Unlike other means of raising capital, crowdfunded campaigns have the ability to engage consumers directly. These are people who’ve taken the risk on a product they may never receive, proving their willingness to put their money where their mouth is.

Engaging with public backers gives you direct access to their feedback and allows you to integrate that into development at an early stage. The headphone manufacturer Nura used these insights to realize that cutting-edge otoacoustic emissions technology wasn’t enough. They learned that audiences still needed multiple connectivity options such as Bluetooth and a 3.5 mm audio jack.

A combined model of funding

With the backing of a business angel or VC, a new venture gains a boost in perception. It shows that you have access to experience and insider knowledge and that those investors have confidence in your MVP and business plan.

And with crowdfunding, you offer evidence of public support for that MVP to your institutional backers. Their engagement enables you to shorten the feedback loop and be more agile in testing cycles.

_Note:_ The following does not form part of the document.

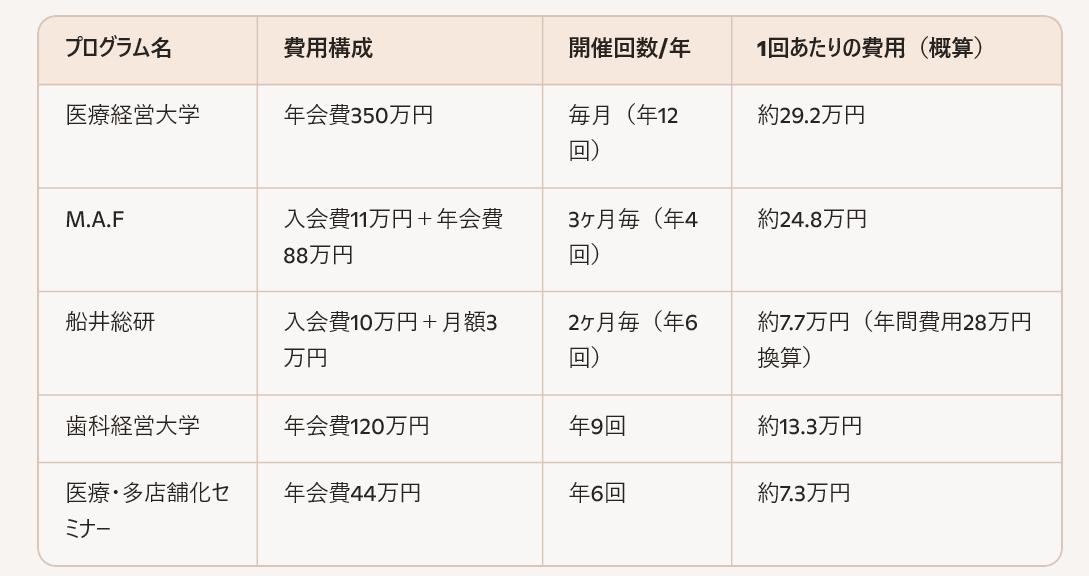料金比較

The extra injection of capital from both sources would also lighten the investment required from either. It lessens the perceived risk while raising funds more swiftly than relying solely on one over the other.

In practice, you’ll have to overcome some hurdles in trying to combine these sources of funding. Institutional investors will want to be very stringent in ensuring that crowdsourced platforms can deliver the support you need through the entire project’s lifecycle.

They may hesitate at the prospect of giving public backers a voice in major decisions, but if you leave out the crowd factor in discussions, you’re missing their feedback.

Ultimately, keep in mind that the public gets sold on ideas while you can sway investors. It won’t be easy, but try to raise funds the old-fashioned way, convincing backers on a personal level. Then you can tap the internet for extra backing and commence developing and testing accordingly.